Enfin, il apparait nécessaire de suspendre les mesures d’exécution forcée à son encontre qui ont été multipliées par la société [J] [B] et qui ont généré des frais importants venant aggraver la dette initiale de Monsieur [Z] [F].

Dans ces conditions et en l’absence d’élément sur la situation de la société [J] [B] s’y opposant, il sera fait droit à la demande de délais de paiement de Monsieur [Z] [F] selon les modalités précisées au dispositif.

Sur les dépens

Monsieur [Z] [F] qui bénéficie d’une mesure de clémence au détriment des droits de son créancier, sera tenu des entiers dépens.

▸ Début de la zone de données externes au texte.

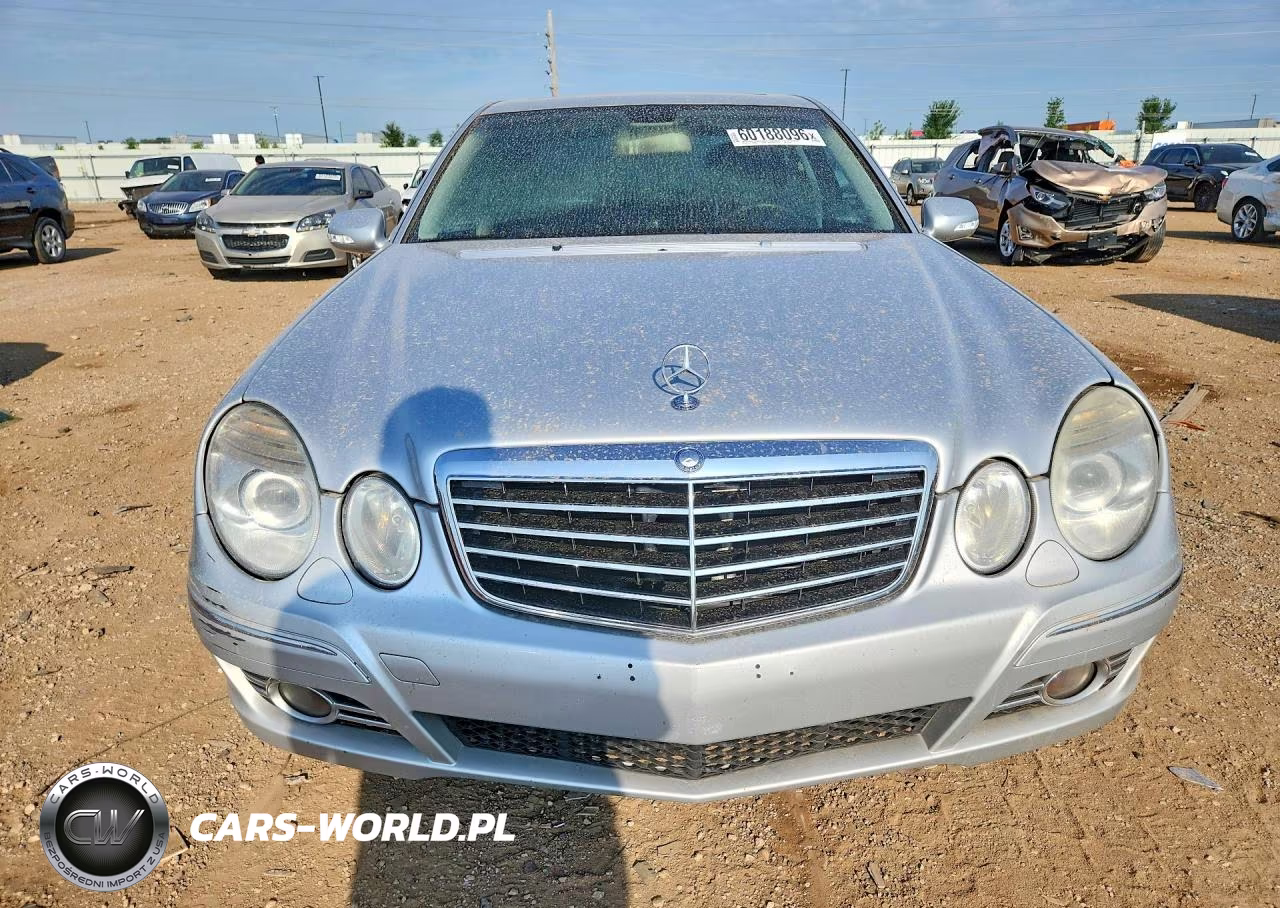 2008 Mercedes-Benz E 350 4Matic VIN:WDBUF87X98B331739 - 5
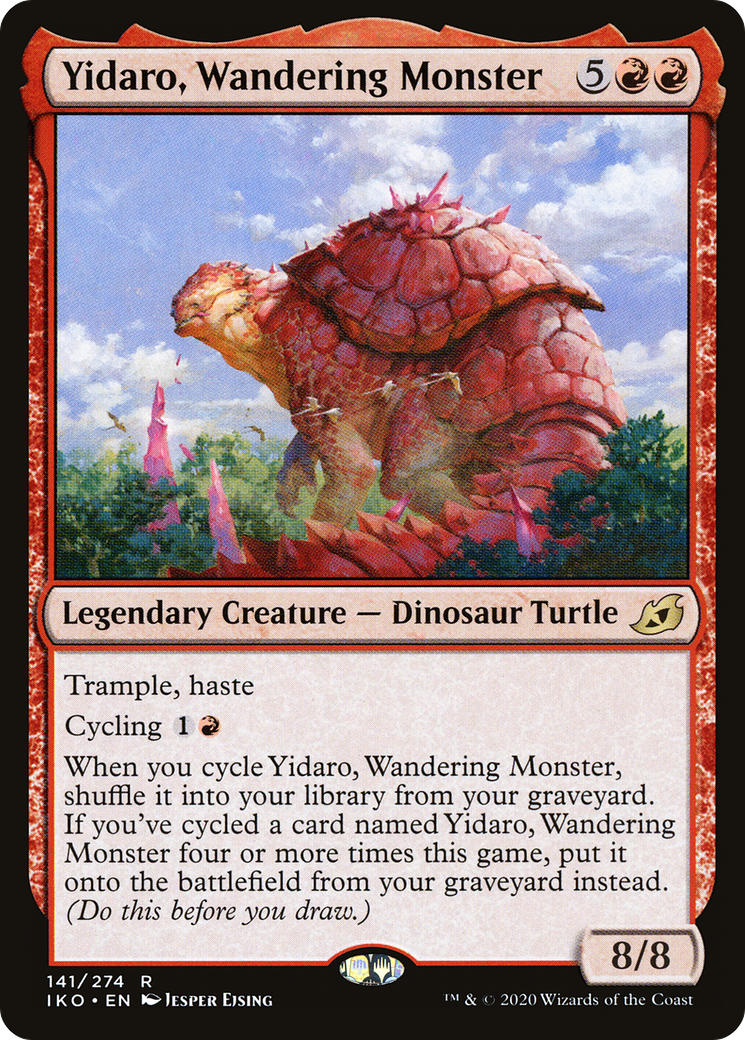 Yidaro, Wandering Monster (IKO-141) - Ikoria: Lair of Behemoths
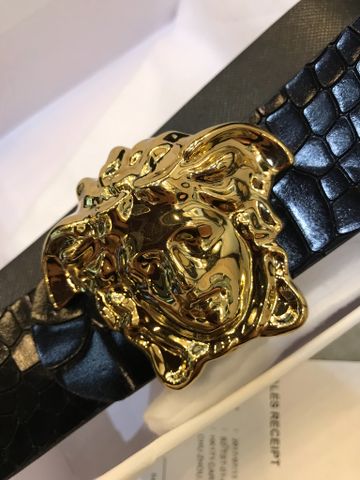 Belt versace cao cấp cho nam hàng đẹp dây da dùng đc 2 mặt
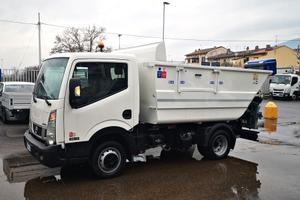 Nissan Cabstar 35, per raccolta rifiuti, patente B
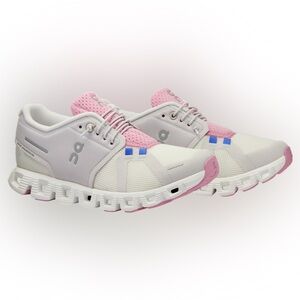 NEW ON Cloud 5 Push Ivory Blossom Women’s Size 9 6449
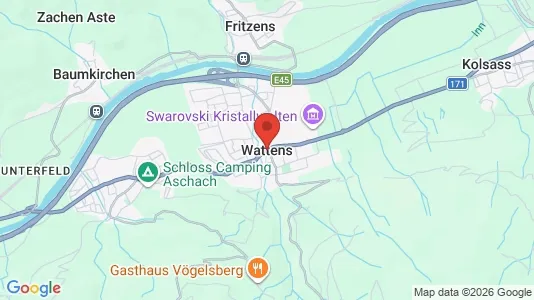 Kontorlokaler til leje i Wattens - Foto fra Google Street View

L’équité ne commande pas de faire application des dispositions de l’article 700 du code de procédure civile ou de l’article 37 de la loi n°91-647 du 10 juillet 1991.

Enfin, il est rappelé qu’en vertu de l’article R. 121-21 du code des procédures civiles d’exécution, les décisions du juge de l’exécution bénéficient de l’exécution provisoire de droit.

PAR CES MOTIFS,

Le juge de l’exécution, statuant après débats en audience publique, par jugement contradictoire, en premier ressort et mis à disposition au greffe de la juridiction,

DÉBOUTE Monsieur [Z] [F] de ses demandes de nullité et de maintevée de la saisie-attribution pratiquée le 12 avril 2024 ;

REJETTE la demande indemnitaire de Monsieur [Z] [F] ;

DIT que les intérêts au taux légal ne sont dus qu’à compter du 31 août 2023 ;

AUTORISE Monsieur [Z] [F] à se libérer de sa dette par 23 mensualités de 100 euros, la dernière étant majorée du solde de la dette en principal, intérêts et frais ;

DIT que les mensualités seront exigibles le 20 de chaque mois à compter du mois suivant la notification de la présente décision ;

DIT qu’à défaut de paiement d’une seule échéance à son terme exact, et quinze jours après mise en demeure restée infructueuse par lettre recommandée avec demande d’accusé de réception, l’intégralité des sommes restant dues sera immédiatement exigible ;

RAPPELLE que conformément à l’article 1343-5 du code civil, la présente décision suspend les procédures d’exécution qui auraient été engagées par le créancier et que les majorations d’intérêts ou les pénalités encourues à raison du retard cessent d’être dues pendant le délai fixé par la présente décision ;

DIT n’y avoir lieu à application des dispositions de l’article 700 du code de procédure civile et l’article 37 de la loi n°91-647 du 10 juillet 1991 ;

CONDAMNE Monsieur [Z] [F] aux dépens ;

RAPPELLE que la présente décision bénéficie de l’exécution provisoire de droit dès sa notification.